I also was deeply involved in organized medicine, serving on the Arizona Academy of Family Physicians and Arizona Medical Association board of directors. I also served on the American Academy of Family Physicians Commission on Health of the Public and Science for four years and chaired this commission last year. I found through all these roles my passion for medical education, community engagement, advocacy, and interprofessional care. This led me to apply for the program director position here where I could use these skills to grow our young residency! I feel so fortunate to be here and to get to work in this amazing program with such fantastic people!

What drew you to northern Arizona?

Northern Arizona has a significant shortage of primary care physicians, which creates barriers for our patients and communities and worsens health disparities. I was drawn to northern Arizona to work at this residency program to train physician leaders to fill these gaps and meet the needs of this community.

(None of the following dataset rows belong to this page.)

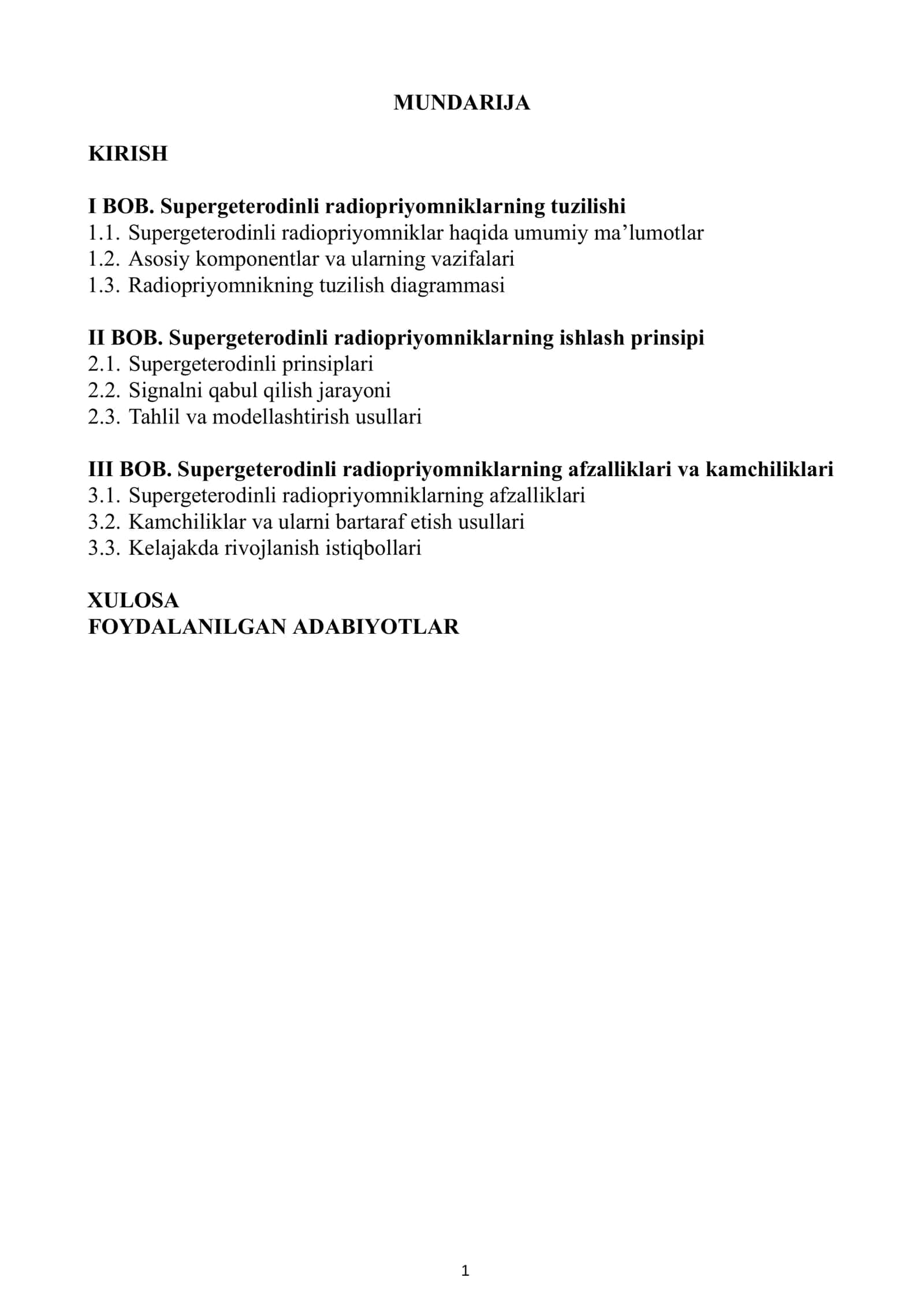 RADIOELEKTRONIKA ASOSLARI FANIDAN TAYYORLAGAN KURS ISHI 2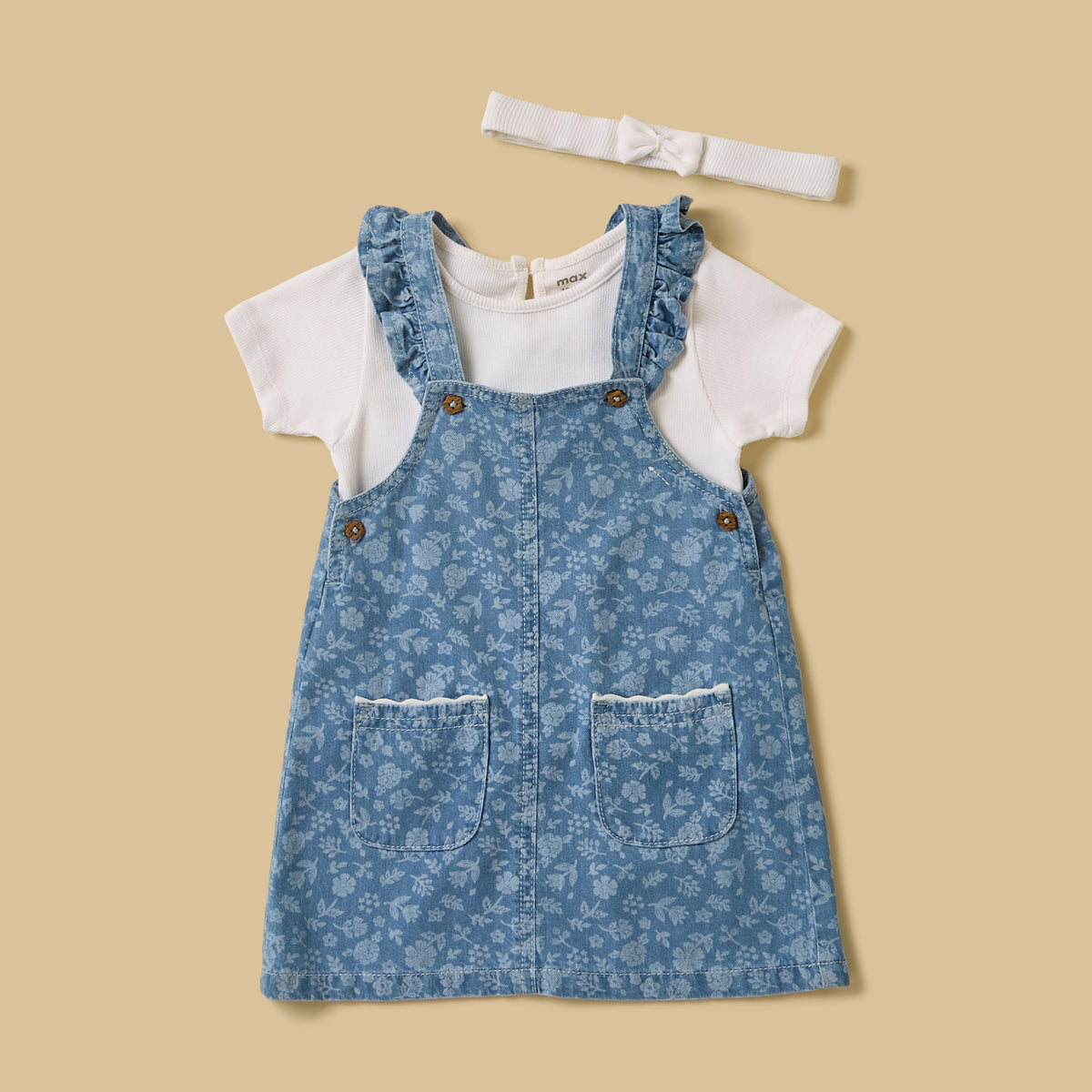Printed Denim Pinafore with T-shirt and Headband Set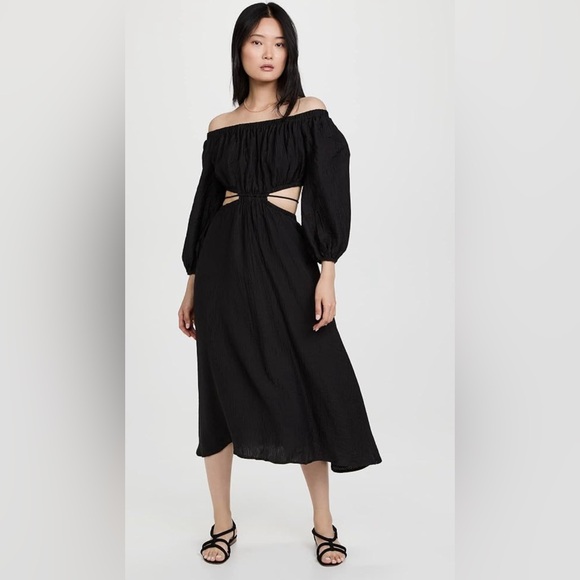 ASTR the Label Cassian Cutout Off The Shoulder Midi Dress Size Medium - Picture 2 of 13
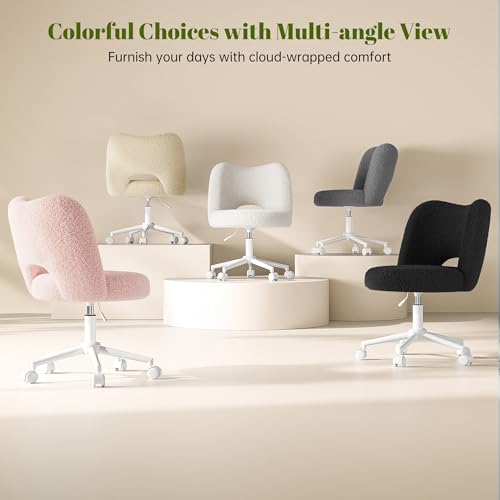 DurayLoly Vanity Chair with Open-Back & Wheels,Armless,Grey | 360° Silent Wheels,Comfy Teddy Fleece,Height Adjustable for Make-up Room,Bedroom,Dorm,Grey - color: Grey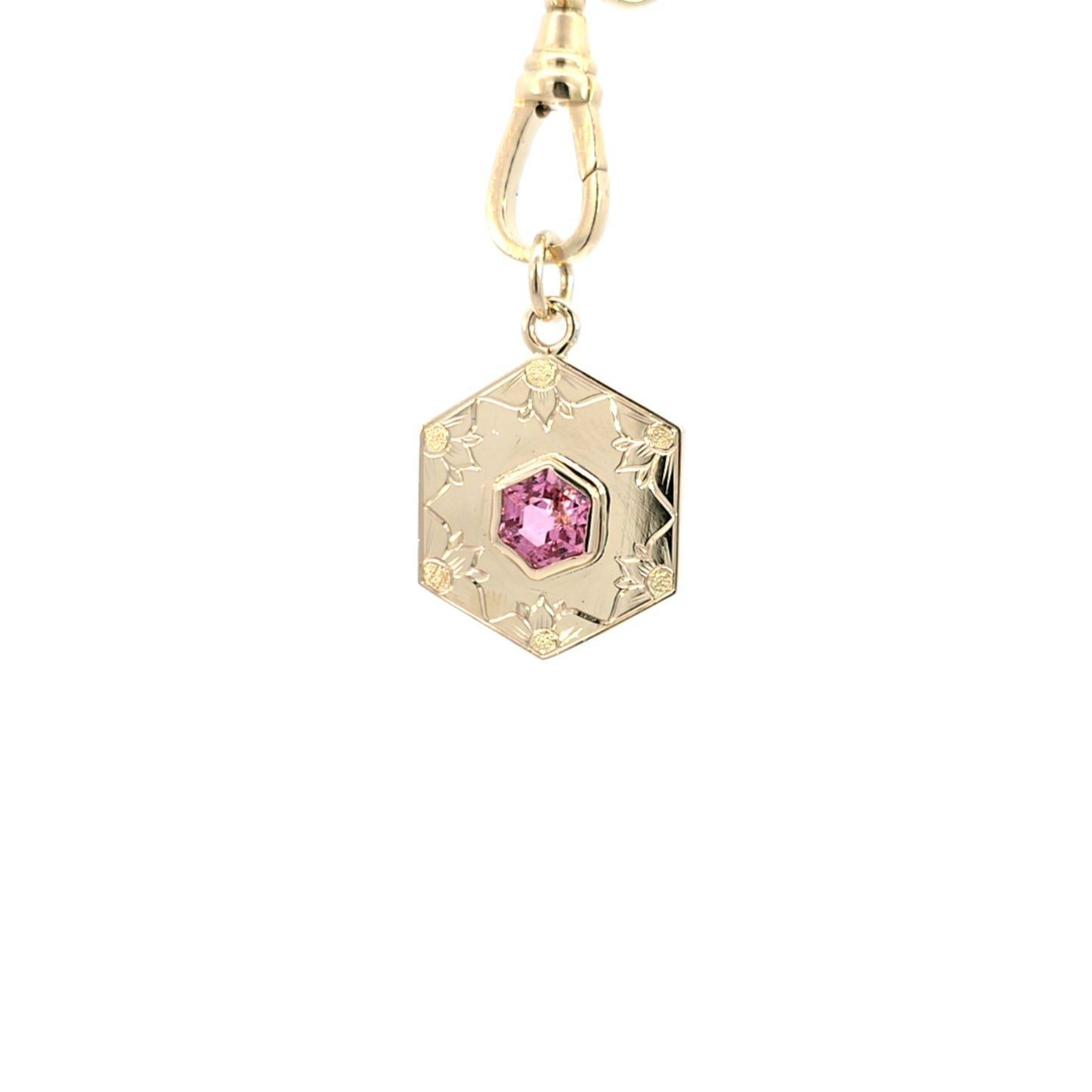 Pink Tourmaline Engraved Hexagon Pendant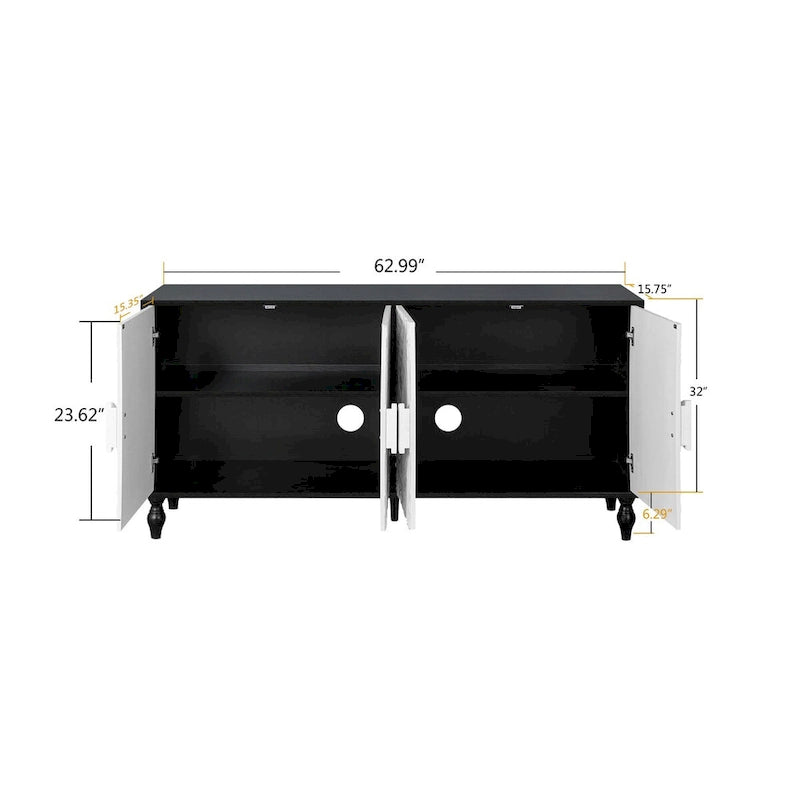 Sideboards mit geschnitztem symmetrischem Türdesign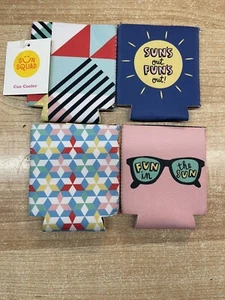 Sun Squad Can Cooler Koozie - Fun Assorted Set of 4 - Picture 1 of 1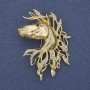 Horse Brooch Pendant White Rhinestones Gold-Tone Metal 54x41mm+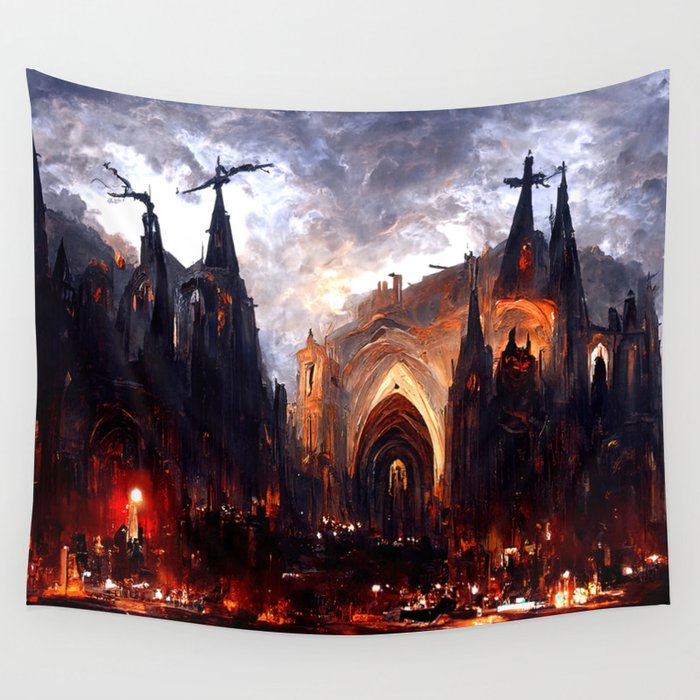 Lucifer Palace in Hell Wall Tapestry Gallery Image 4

What excites you most about being part of the family medicine residency program at CPCHP? 

I could not be more thrilled to be part of the family and community medicine residency program at CPCHP! I am excited to be part of a teaching health center and program that is housed in an FQHC (federally qualified health center). This allows us the flexibility, skills, and supports needed to train family medicine residents to serve rural and underserved communities to reduce the primary care shortage and healthcare disparities. This organization and the entire team is dedicated to providing high-quality training for our residents and committed to the mission and purpose of primary care. 

What challenges do you expect for your time as the program director?

This is a new and growing residency, so I expect we will run across some challenges. We will need to continue to identify how to best integrate a family medicine residency into an existing and busy FQHC clinical practice. As a new person to Flagstaff and northern Arizona, I am getting to know our partners and clinical neighborhood to build relationships, grow teaching opportunities and rotations, and to truly bring the residency into the community we serve.

What is your hope for the residents who practice in the program?

My hope is our residents feel confident and prepared in their training to become the physician leaders and advocates providing high quality primary care to rural and underserved communities. I sincerely hope they choose to stay in northern Arizona!